The speaker’s desire to reconcile the Native American and the European parts of her heritage permeates her life. If only she could create a distinctly new identity from this mix, life would be peaceful and simple for her. However, it does not happen this way. She realizes that the underlying, persistent clashes that are revived by the memory of historical wrongdoings, and, occasionally, by interruptions from the present will continue to be a part of her existence. Her reassurance to herself that she should forget about the past and live in the present helps her to accept the situation.
Ignoring the existence of this tension is of no avail; she cannot carry the pretense of being unconcerned for too long. The solution, then, is to acknowledge the truth and keep treading one’s path. In her own life, Hogan seems to have achieved that equilibrium. In Winged Words: American Indian Writers Speak (1985), she admits that though her mixed heritage creates “a natural tension that surfaces” in her work, she has learned to use it to her advantage to strengthen her imagination.
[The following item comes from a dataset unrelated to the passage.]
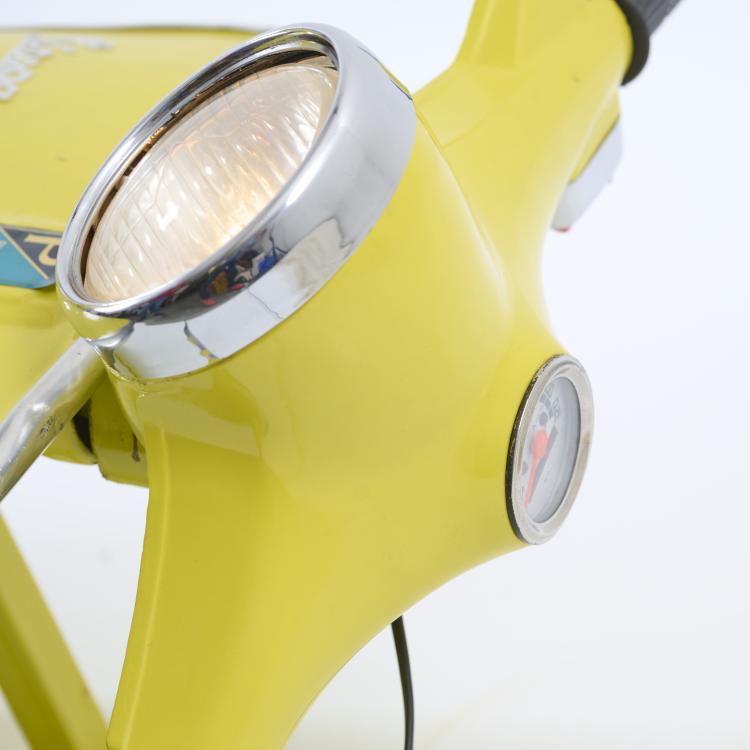 Bild 2 zu Objekt, Lichtobjekt 'Vespa 150', 1990er Jahre, Italien, 178B 911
Discussing Native American poetry, scholar Brian Swann observes, “Most poems reach for balance, for sanity in a mad world, in the face of antagonism, past and present. One sees a desire for wholeness—for balance, reconciliation, and healing—within the individual, the tribe, the community, the nation” (Harper’s Anthology of 20th Century Native American Poetry, 1988). Hogan’s poem reflects this tradition. “The Truth Is,” in the end, transcends the speaker-poet’s feelings and speaks to all those who share her experience of struggling to reconcile the different strands of their heritage.